No Budget? No Excuse. A Practical Guide to Bootstrapping a WordPress Business

So you want to start a WordPress business. That’s exciting! If you have to work in a single platform all day long, I’d say WordPress is a great one to be “stuck” inside of.

Aside from the benefits of working in an intuitive platform that comes chock-full of integrations that make your job easy, you’re also about to make the leap into starting your own business. Kudos to you for making some bold life choices.

Wikipedia: Bootstrapping in business means starting a business without external help or capital. Such startups fund the development of their company through internal cash flow and are cautious with their expenses.

While all of this is very exciting to think about, I’d urge you to take a moment to look at the bigger picture. Yes, in starting a WordPress business, you now have the power to pick and choose your clients, set your own prices, and maintain a better work-life balance.

But no matter how “free” you feel after deciding to ditch the 9-to-5 to start your own business, there are some practical considerations to keep in mind when you want to bootstrap your own business, like initial startup costs, preparing taxes, finding clients, keeping yourself accountable, and so on.

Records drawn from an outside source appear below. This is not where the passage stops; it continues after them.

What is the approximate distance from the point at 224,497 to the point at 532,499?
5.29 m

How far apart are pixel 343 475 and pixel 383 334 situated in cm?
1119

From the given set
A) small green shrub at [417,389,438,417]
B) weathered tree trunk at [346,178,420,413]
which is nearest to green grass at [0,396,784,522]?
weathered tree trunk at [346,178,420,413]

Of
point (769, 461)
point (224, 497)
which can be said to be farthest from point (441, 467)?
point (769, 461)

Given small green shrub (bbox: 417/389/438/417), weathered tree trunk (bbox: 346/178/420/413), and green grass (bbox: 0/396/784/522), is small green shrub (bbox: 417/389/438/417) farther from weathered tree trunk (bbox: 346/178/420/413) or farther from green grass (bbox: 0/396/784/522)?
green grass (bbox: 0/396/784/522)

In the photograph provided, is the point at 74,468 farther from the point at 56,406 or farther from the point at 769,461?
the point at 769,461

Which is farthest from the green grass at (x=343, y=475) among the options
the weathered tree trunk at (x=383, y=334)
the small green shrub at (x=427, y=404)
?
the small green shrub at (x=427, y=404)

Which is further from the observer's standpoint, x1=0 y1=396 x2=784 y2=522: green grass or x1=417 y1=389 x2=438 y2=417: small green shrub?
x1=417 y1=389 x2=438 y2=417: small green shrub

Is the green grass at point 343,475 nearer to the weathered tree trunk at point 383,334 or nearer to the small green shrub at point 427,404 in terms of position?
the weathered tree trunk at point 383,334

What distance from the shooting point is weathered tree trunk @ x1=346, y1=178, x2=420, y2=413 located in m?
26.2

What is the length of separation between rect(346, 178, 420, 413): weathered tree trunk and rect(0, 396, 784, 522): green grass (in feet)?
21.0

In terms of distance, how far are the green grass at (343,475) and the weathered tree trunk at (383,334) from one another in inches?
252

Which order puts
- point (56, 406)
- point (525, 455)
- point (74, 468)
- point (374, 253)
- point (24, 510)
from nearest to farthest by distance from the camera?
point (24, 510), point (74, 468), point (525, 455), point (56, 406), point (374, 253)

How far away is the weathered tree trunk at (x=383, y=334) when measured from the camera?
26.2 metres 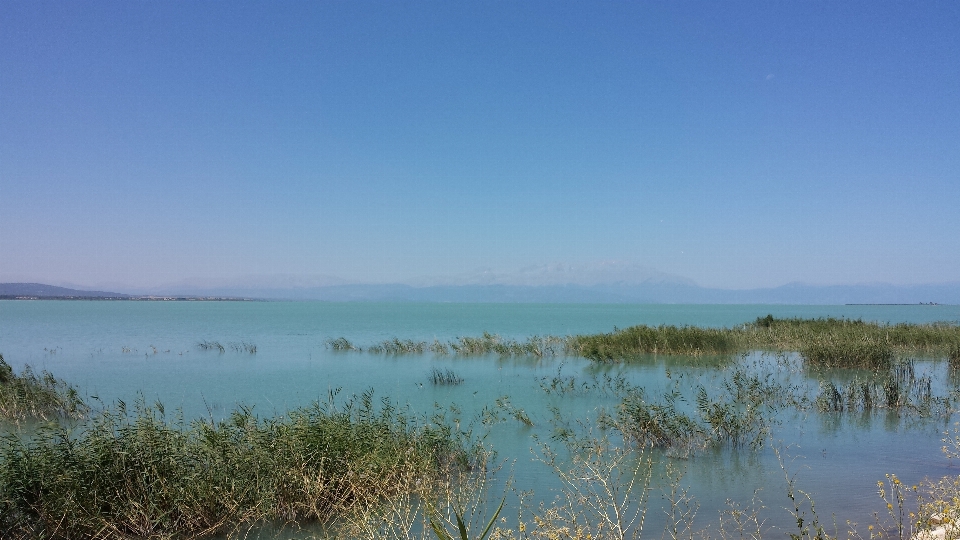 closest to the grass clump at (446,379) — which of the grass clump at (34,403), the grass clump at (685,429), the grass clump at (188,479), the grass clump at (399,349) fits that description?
the grass clump at (399,349)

None of this is meant to deter you from starting a WordPress business. On the contrary, I think we need more WordPress professionals dedicated to making the web a better place for us to live and work in. I just want to help prepare you for the obstacles you might encounter along the way.

A Practical Guide to Starting a WordPress Business

Starting a WordPress business is exciting stuff. But if you’re working without a budget or support, it’s going to be tough going at first. That’s just the nature of starting a new business.

So, in order to safely navigate these choppy waters until you’ve got a large, stable client base, you’ll need to be resourceful to start, using what you have (and not much more) to get your business up and running.

Here are some practical and cost-friendly tips to hold onto as you trudge forward:

Crunch the Numbers

Before you start thinking about the company name or internal processes you want to create, a cost assessment needs to be your primary focus. While it may seem like there isn’t much here to worry about, especially if you’re operating out of your home and with your own computer, there are other factors to consider.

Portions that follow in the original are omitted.